Activity » Read through the material below and copy each line in which the word "Ashoka" occurs.
━━━━━ Data excerpts
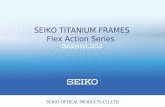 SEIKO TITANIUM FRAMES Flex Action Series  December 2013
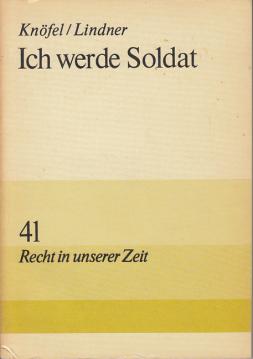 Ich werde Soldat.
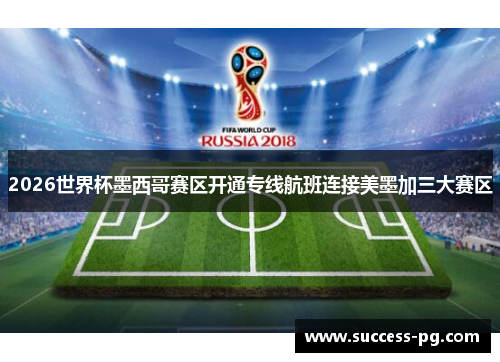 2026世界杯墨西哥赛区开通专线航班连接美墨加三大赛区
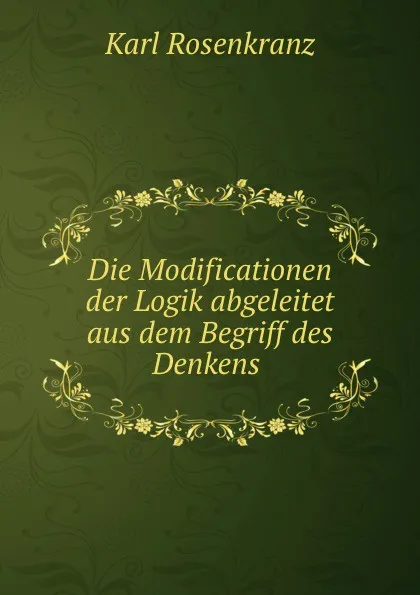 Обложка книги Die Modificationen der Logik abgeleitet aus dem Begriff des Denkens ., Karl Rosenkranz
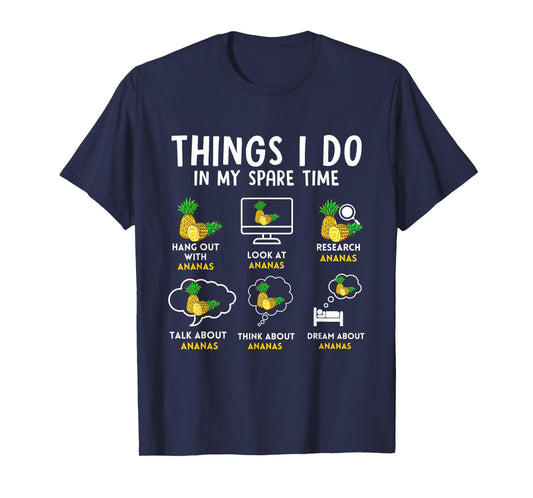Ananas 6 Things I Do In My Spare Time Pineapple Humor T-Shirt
━━━━━━━━━━
━━━━━ Data excerpts
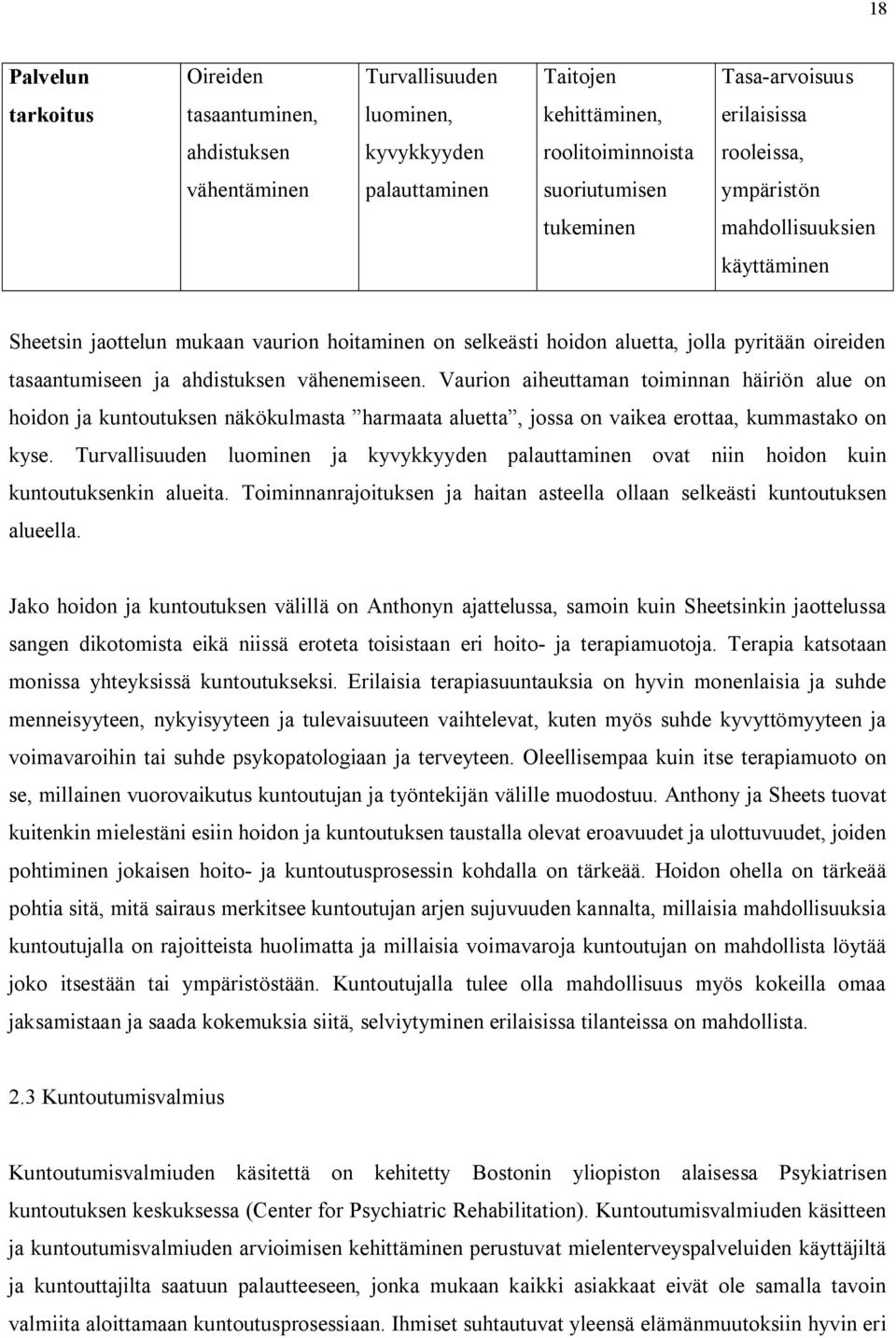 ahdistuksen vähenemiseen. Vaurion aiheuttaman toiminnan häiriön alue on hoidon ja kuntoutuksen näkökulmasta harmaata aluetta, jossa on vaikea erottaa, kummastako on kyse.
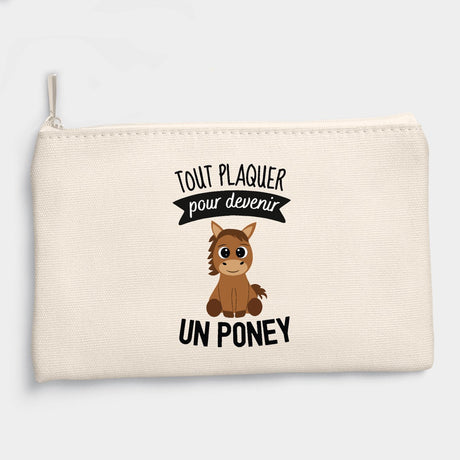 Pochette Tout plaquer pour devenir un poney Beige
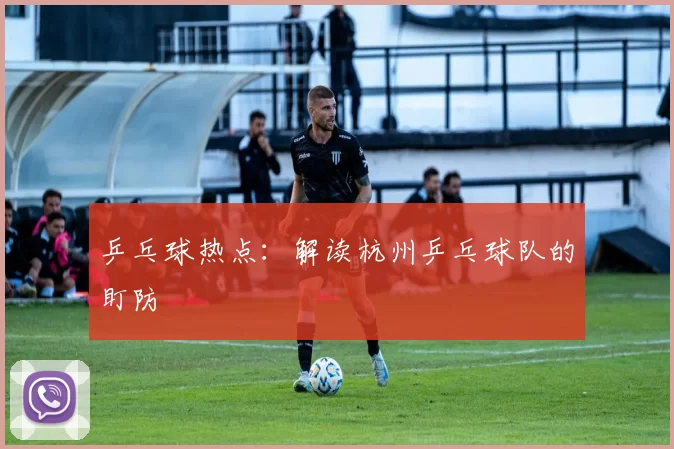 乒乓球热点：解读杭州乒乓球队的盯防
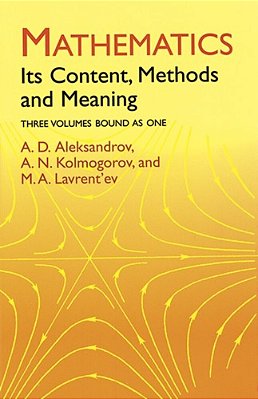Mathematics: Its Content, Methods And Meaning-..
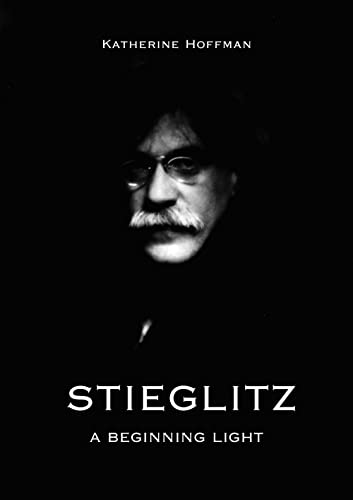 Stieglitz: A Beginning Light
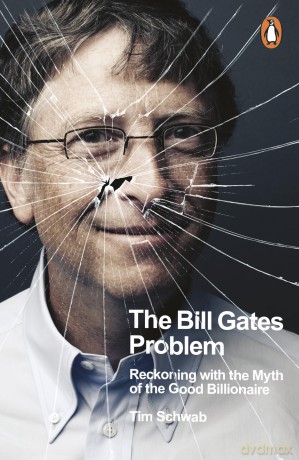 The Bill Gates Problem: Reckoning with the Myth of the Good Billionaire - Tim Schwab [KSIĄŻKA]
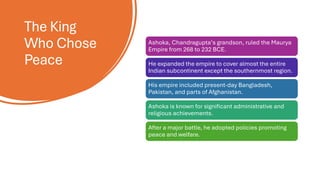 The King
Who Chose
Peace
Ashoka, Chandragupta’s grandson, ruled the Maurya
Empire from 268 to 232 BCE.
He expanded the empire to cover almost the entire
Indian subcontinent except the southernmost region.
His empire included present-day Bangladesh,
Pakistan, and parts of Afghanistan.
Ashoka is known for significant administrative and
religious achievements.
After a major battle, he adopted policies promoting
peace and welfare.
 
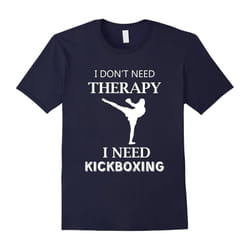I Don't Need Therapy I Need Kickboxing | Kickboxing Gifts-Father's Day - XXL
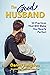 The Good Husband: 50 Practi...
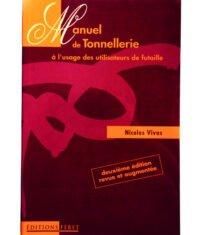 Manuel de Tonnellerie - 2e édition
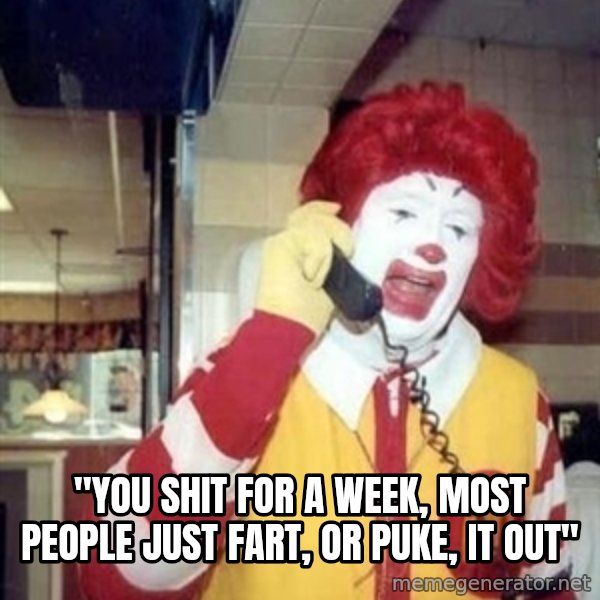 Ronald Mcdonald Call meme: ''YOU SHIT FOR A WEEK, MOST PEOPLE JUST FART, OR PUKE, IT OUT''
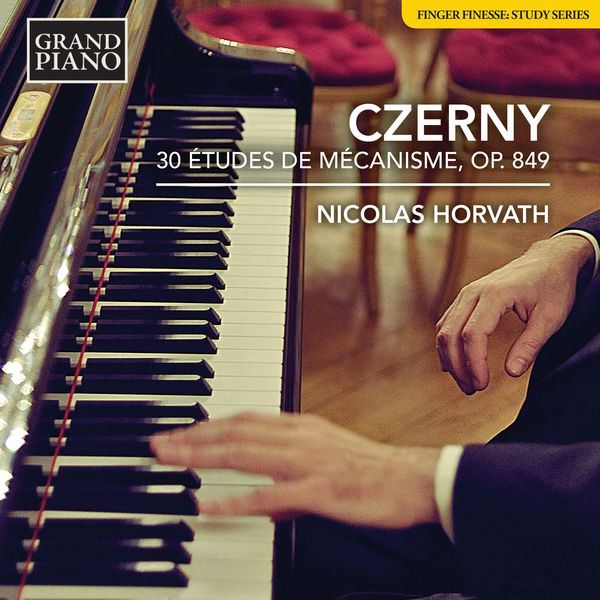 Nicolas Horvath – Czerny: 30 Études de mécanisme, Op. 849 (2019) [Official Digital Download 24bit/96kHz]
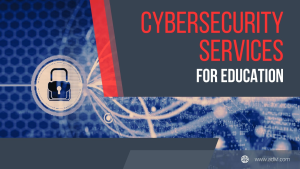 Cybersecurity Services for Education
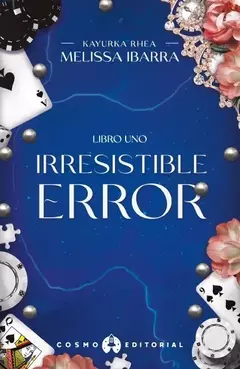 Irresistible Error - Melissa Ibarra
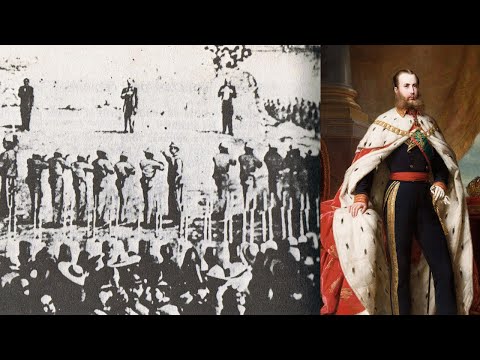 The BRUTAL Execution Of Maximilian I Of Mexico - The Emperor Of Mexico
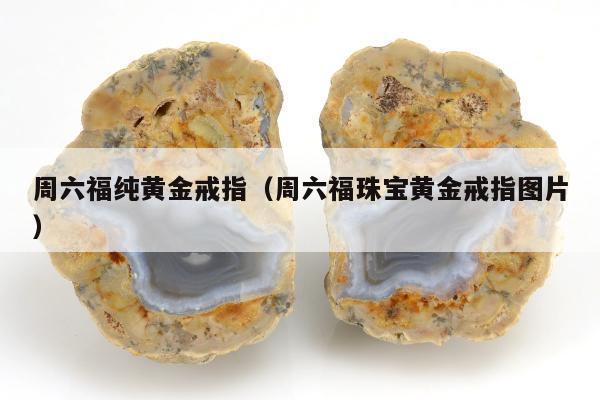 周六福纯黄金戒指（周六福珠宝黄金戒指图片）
━━━━━━━━━━
Reply »
Ashoka, Chandragupta’s grandson, ruled the Maurya
Ashoka is known for significant administrative and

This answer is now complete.